After a relatively short stint as opposition leader, Tony Abbot capitalised on factionalism in the ruling Labour Party and cruised to Canberra as Prime Minister. He appointed his predecessor, Malcolm Turnbull, one of his front bench ministers, and life goes on. If the Liberal Party had remained stuck with either Turnbull or Nelson, it would probably be still in opposition today.

When Gordon Brown lost to David Cameron, he simply quit and the fight for opposition British Labour Party was between two siblings; David and Ed Miliband where the latter prevailed. Ed is now likely to be Britain’s next Prime Minister.

In Africa, we have the same faces every election; the so-called “face of the opposition” or “face of the struggle”. We saw it in Botswana. From 1965 until 2000, Dr Kenneth Koma was the epitome of opposition in Botswana as president of Botswana National Front (BNF). On several occasions, he ignored calls to step down and allow new leadership to take the movement forward. Consequently, in 1998, the BNF split and the Botswana Congress Party (BCP) was formed.

This formation went away with all sitting MPs for the BNF then. Today, the BCP has risen to become Botswana’s third biggest political party and well within reach to cause a big upset in that part of Southern Africa. They have fully embraced the idea of leadership renewal though it may be a long time before they manage to dislodge the ruling Botswana Democratic Party (BDP), which, like the Chinese Communist Party (CCP), not only believes in but executes leadership renewal every ten years. If Dr. Koma had stepped down in time and allowed new leaders to emerge such as Gil Saleshando, Paul Rantao, Maitswarelo Dabutha or other firebrand cadres of the time, BNF would have probably formed government a long time ago. Koma died in 2007 at the age of 84 sadly, without realising his dream of becoming President of Botswana.

From Zaire to DRC, long-time Congolese opposition leader, Etienne Tshisekedi, has become the embodiment of opposition politics in the vast African country endowed with rich natural resources that are largely untapped. While he served briefly on three occasions as Prime Minister, he never was President. His last service only lasted exactly one week from 2 to 9 April 1997! Despite his long history of failed attempts, at times boycotting elections for various reasons, Tshisekedi, like Dr. Koma, is also likely to go to the grave without achieving what he set out to.

Moving to Kenya, Raila Odinga also suffered the same fate. After the 2007 contentious elections, he fell into the deadly trap of a negotiated settlement.  While he spent most of his time between 2008 and 2013 focussing on delivery in government, his nemesis deployed energy and resources towards regrouping. When elections happened in 2013, his cry was the same, “we were robbed” but this did not change anything. In, came young Uhuru Kenyata from revived KANU while the Orange Democratic Movement (ODM) was virtually relegated to the political dustbin.
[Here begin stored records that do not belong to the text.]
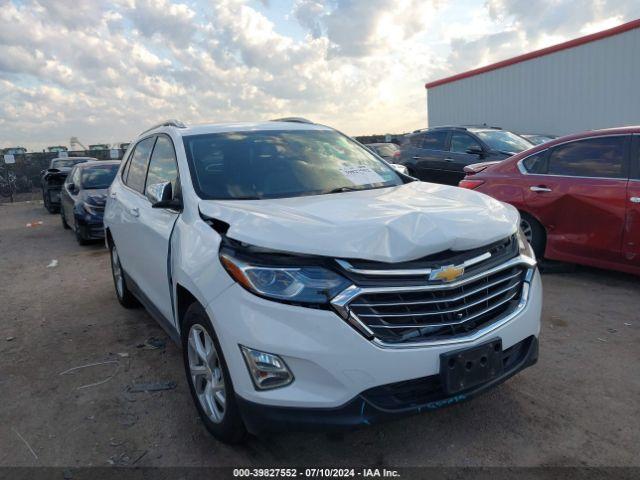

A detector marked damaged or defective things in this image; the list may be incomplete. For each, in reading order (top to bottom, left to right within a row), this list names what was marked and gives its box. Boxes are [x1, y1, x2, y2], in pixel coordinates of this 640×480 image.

damaged vehicle [41, 157, 95, 213]
damaged vehicle [61, 160, 120, 246]
crumpled hood [200, 182, 520, 262]
damaged vehicle [104, 118, 540, 444] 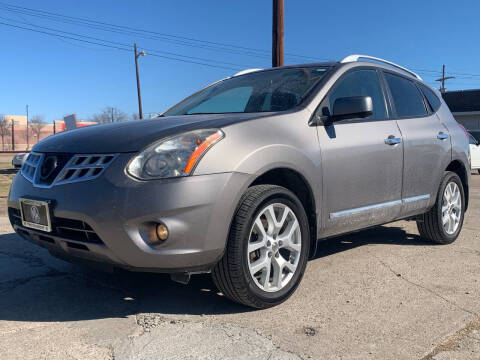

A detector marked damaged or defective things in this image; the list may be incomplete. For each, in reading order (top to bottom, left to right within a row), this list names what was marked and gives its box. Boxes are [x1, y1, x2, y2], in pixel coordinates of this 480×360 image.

crack in pavement [374, 255, 478, 316] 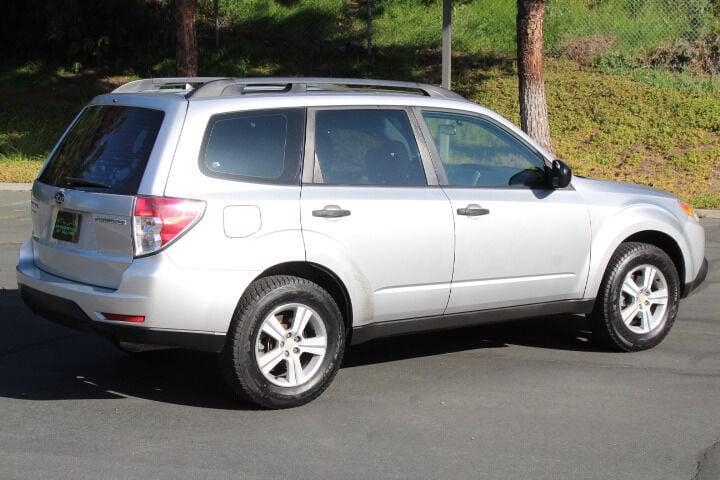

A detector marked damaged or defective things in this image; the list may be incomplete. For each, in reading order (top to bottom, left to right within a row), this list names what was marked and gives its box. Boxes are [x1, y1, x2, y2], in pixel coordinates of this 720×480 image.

pavement crack [692, 436, 720, 480] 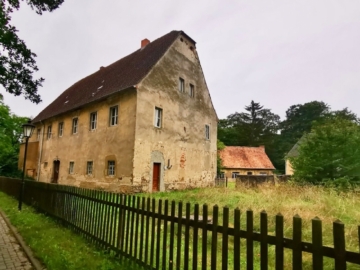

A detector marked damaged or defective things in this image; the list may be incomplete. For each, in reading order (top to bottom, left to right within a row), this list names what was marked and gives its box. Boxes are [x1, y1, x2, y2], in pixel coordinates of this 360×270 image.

rusted metal roof [32, 29, 188, 122]
rusted metal roof [219, 147, 276, 170] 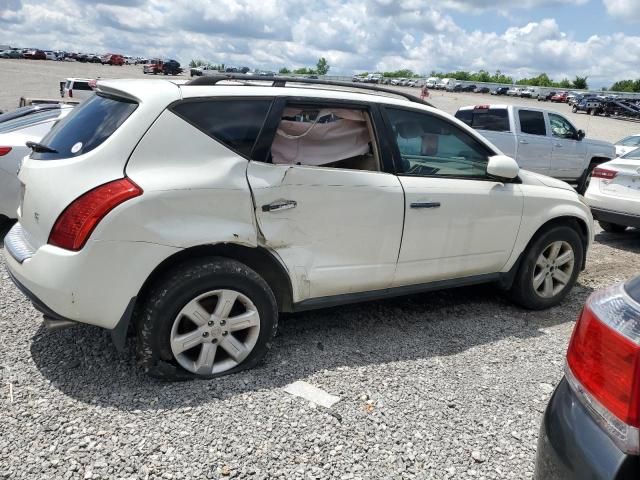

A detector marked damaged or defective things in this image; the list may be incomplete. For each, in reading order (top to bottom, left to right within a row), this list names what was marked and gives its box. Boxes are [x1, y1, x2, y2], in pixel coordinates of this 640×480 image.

wrecked vehicle [6, 76, 596, 378]
damaged door [246, 100, 402, 304] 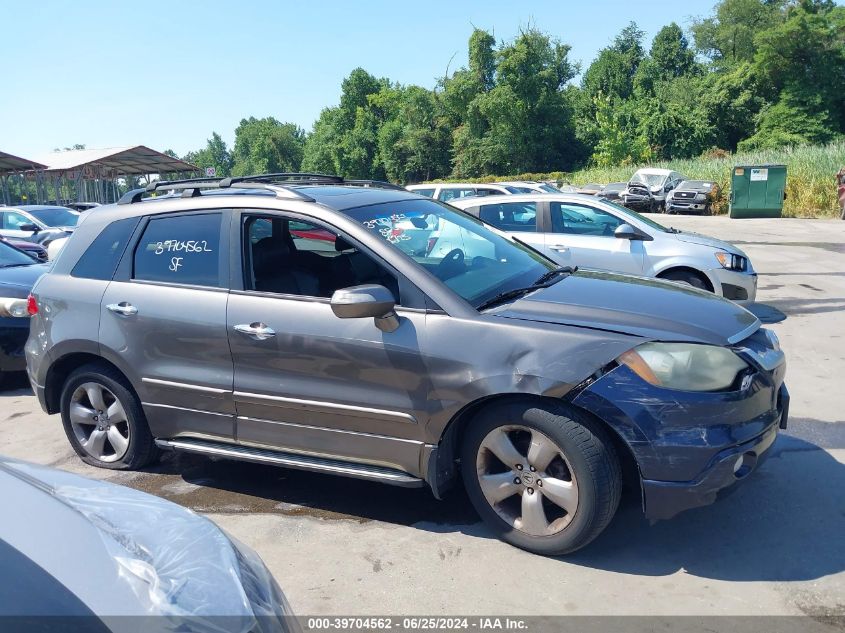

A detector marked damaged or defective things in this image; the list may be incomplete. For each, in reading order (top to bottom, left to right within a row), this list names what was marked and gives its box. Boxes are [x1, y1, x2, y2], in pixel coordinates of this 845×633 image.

damaged front bumper [572, 350, 788, 520]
Does this sound familiar?

Winding back the political clock, we would also remember that despite fighting for democracy for several years in Malawi, at times even assuming the unofficial title of “father of Malawian democracy”, Chakufwa Chihana was stunned when he was overtaken by a new entrant, a returnee from the Diaspora, Bakili Muluzi who went on to become Malawi’s first democratically elected president as leader of the newly-formed United Democratic Front (UDF). Up to the present day, Chihana doesn’t know what hit him. He still thinks there can never be opposition in Malawi without him. Such is the fate and folly of professional opposition in Africa.
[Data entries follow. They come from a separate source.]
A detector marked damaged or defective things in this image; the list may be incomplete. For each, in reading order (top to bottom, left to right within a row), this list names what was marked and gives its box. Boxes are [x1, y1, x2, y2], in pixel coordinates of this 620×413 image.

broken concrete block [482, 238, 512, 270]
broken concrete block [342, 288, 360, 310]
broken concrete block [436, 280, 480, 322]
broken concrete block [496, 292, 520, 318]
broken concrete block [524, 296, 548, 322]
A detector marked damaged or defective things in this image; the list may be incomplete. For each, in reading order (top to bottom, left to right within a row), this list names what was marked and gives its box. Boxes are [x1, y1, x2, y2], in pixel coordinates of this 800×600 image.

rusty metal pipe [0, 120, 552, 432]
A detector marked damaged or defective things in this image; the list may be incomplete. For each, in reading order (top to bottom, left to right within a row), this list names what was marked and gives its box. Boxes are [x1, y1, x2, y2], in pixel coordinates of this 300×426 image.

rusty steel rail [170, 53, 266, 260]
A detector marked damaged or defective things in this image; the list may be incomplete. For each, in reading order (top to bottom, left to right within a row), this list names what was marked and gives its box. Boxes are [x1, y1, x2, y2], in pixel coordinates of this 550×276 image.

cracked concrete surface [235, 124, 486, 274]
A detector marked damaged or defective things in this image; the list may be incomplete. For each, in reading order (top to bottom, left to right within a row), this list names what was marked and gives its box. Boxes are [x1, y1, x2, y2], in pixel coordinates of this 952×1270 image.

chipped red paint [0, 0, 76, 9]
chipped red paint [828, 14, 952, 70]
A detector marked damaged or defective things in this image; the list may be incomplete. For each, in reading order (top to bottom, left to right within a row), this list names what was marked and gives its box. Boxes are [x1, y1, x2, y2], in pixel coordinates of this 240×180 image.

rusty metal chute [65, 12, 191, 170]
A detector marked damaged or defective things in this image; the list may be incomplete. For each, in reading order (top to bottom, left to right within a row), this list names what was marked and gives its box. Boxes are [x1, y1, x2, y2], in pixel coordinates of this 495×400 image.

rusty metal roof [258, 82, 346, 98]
Another Diaspora returnee, Ellen Johnson Sirleaf of Liberia, captured the world by becoming Africa’s first female president. This was later to be replayed by Joyce Banda of Malawi, in very similar circumstances.

Fredrick Chiluba, from whom Zimbabwe’s major opposition borrowed its template, sprang from trade unionism to the presidency of Zambia, defeating veteran nationalist Kenneth Kaunda in the process. If Chiluba had missed on his first attack, given what has happened elsewhere as demonstrated by the examples above, probably he would never have become president of Zambia. In the game of soccer that I love so much, if a team misses three clear chances including a penalty kick in a crucial match, hoping to win in the dying minutes of injury time against a seasoned opponent is pushing one’s luck a bit too far unless there is a prolific super substitute on the bench.

Introspect, renew, re-strategise and re-align are not just empty buzzwords. This is what happens in the real world. Those who want to hang on to power for as long as they still have some breadth in their lungs will face the Koma-Tshisekedi-Chihana fate if in the opposition or the Kaunda-Banda-Mobutu serendipity if in government. Time for real change has come; we just have to accept it. Those who have been bystanders for a very long have finally lost patience. There is a tsunami on the horizon!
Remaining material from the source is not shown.